Tuesday, April 28, 2020

Shatter: Hammer’s Second Shaw Brothers Co-Production

This would be Peter Cushing’s final feature film for Hammer, but he did not reprise any of his famous gothic characters. He only shot for four days, but they were all on-location in Hong Kong, so at least he got an exotic trip out of it. Stuart Whitman played the title character but the real stars are the gritty 1970s-era HK locations seen throughout Michael Carreras’s Shatter (a.k.a. Call Him Mr. Shatter), Hammer Film’s second not-so great co-production with the Shaw Brothers, which releases today on BluRay.

Shatter is a hitman who usually contracts out his services to the Western intelligence agencies. Unfortunately, the Hong Kong drug syndicate tricked him into executing the particularly nasty and destabilizing assassination of an African dictator. When Shatter complains to his regular HK contact, he finds he is now persona non grata. Even worse, Hans Leber, the money man for the contracting cartel, refuses to pay his fee.

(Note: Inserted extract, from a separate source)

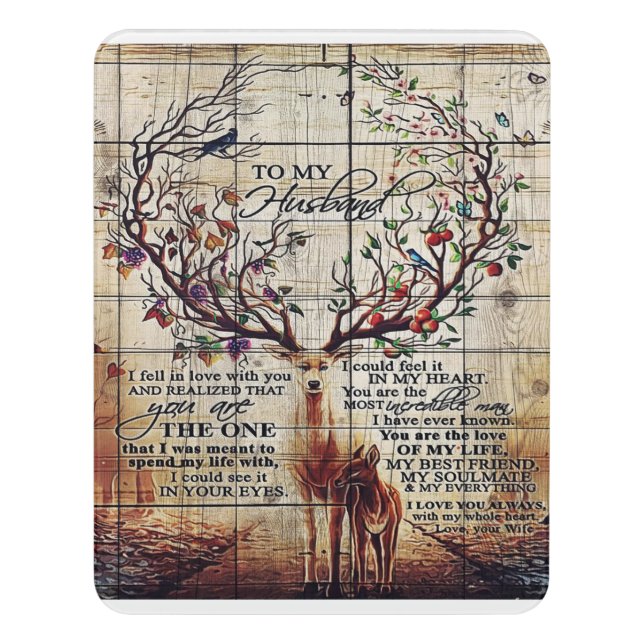 To my Husband | Perfect Gift For Husband Door Sign (Contemporary Vert)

Paul Rattwood, the local British station chief gives Shatter one day to leave town, but he is not going anywhere until he gets his money and some payback. Fortunately, he recruits a talented martial arts expert, Tai Pah, who can help keep him alive. However, Shatter is even more interested in Tai Pah’s sister Mai-Mee, a strictly professional masseuse working in a dodgy massage parlor.

Hammer’s first Shaw Brothers co-pro was the unfairly under-rated Legend of the 7 Golden Vampires, in which Cushing returned to the iconic role of Van Helsing. However, Shatter was sort of an additional throw-in from the start. It probably did not help that the original director, Monte Hellman, was fired early during the production, with Hammer president Carreras taking over.

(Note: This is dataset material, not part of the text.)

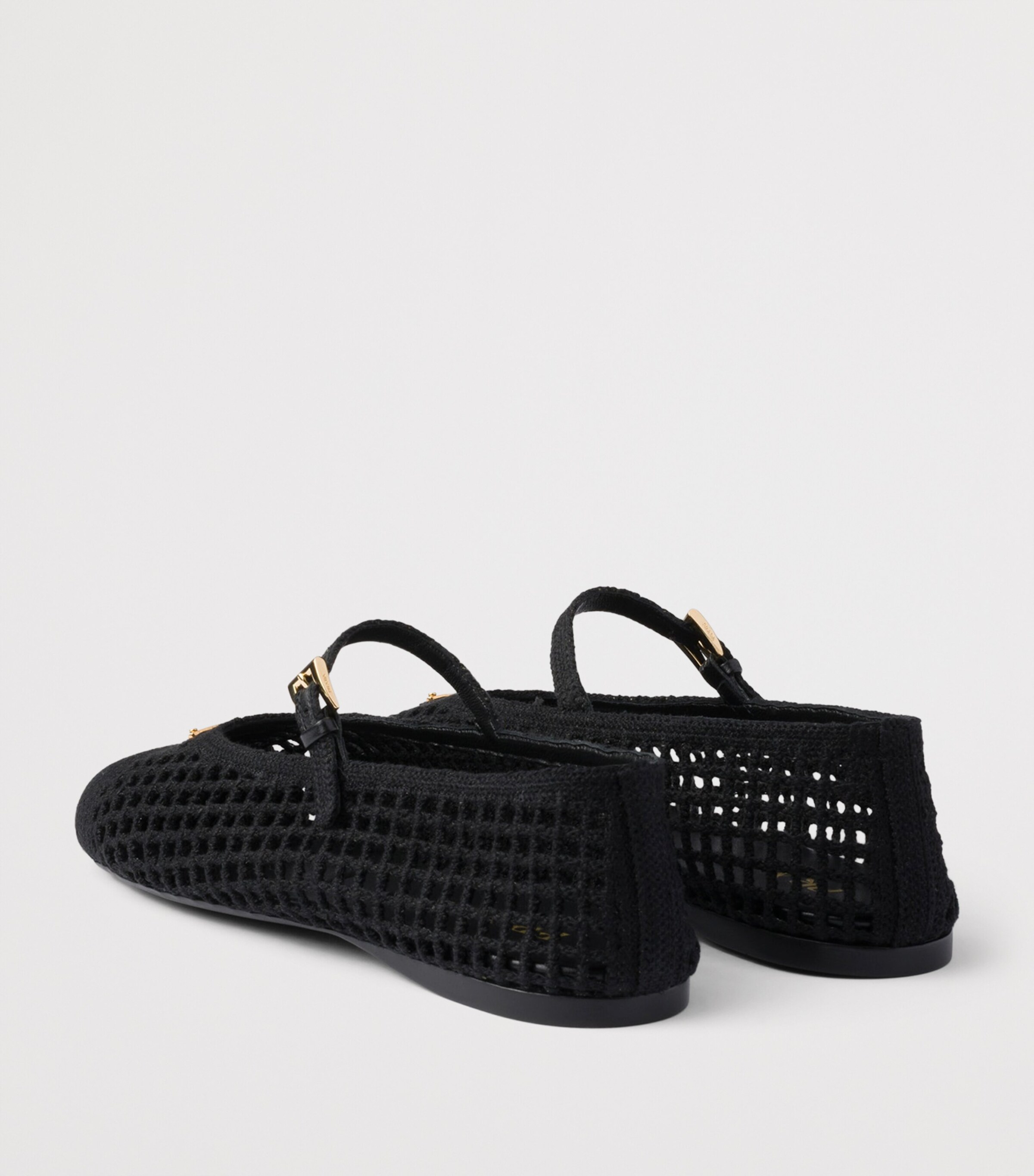 Prada Crochet Ballet Flats Black Image 4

Nevertheless, Lung Ti has several cool fight scenes as Tai Pah and his fellow Shaw Brothers regular Lily Li is warmly charismatic as Mai-Mee. The real problem is Stuart Whitman, who was badly miscast as the steely Shatter. Reportedly, he was physically ill during production—and he looks it. Of course, Cushing does his thing as Rattwood, but Anton Diffring (whose spotty previous Hammer tenure included their unsold 1958 pilot, Tales of Frankenstein) basically phones it in as Leber.

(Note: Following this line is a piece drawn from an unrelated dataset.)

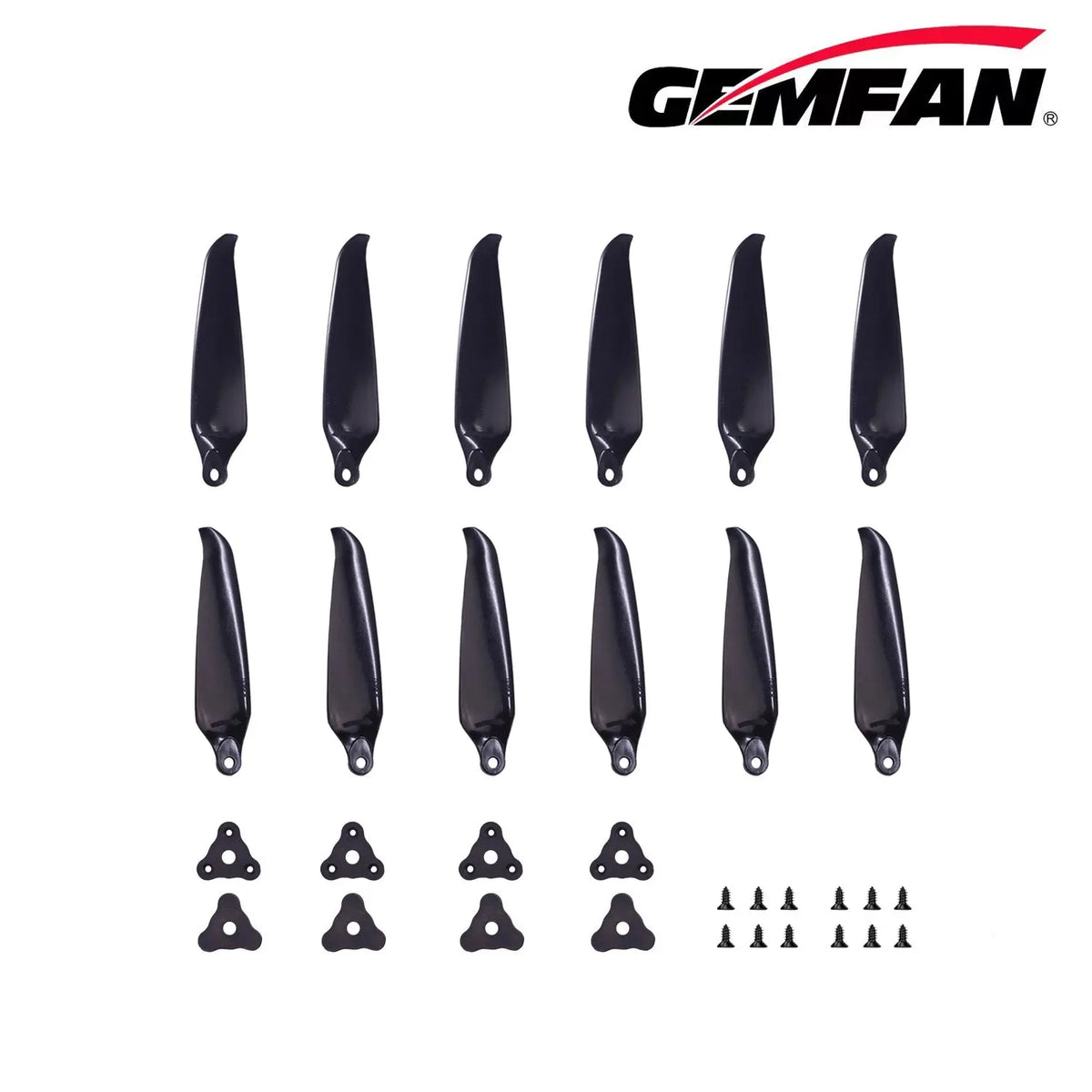 Gemfan F7036 Folding 3 Blade Glass Fiber Nylon - Black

Nevertheless, Shatter serves as a fascinating time capsule of Hong Kong street life. Essentially, this was over three lifetimes ago for Hong Kong, while it was still a crown colony, but before its go-go capitalist glory years, before “One China Two Systems,” and before the CCP started killing the goose laying the golden eggs. This was a tough, free-wheeling city, where just about anything went.

There is definitely fun stuff in Shatter, but it does not hold together as a coherent whole, as does 7 Golden Vampires or the Golden Harvest-Australian co-production The Man from Hong Kong, which would be released the following year. Still, how often do you get to see Peter Cushing and Lung Ti play a scene together? Recommended mostly for diehard Hammer and Shaw Brothers fans, Shatter is now available on BluRay.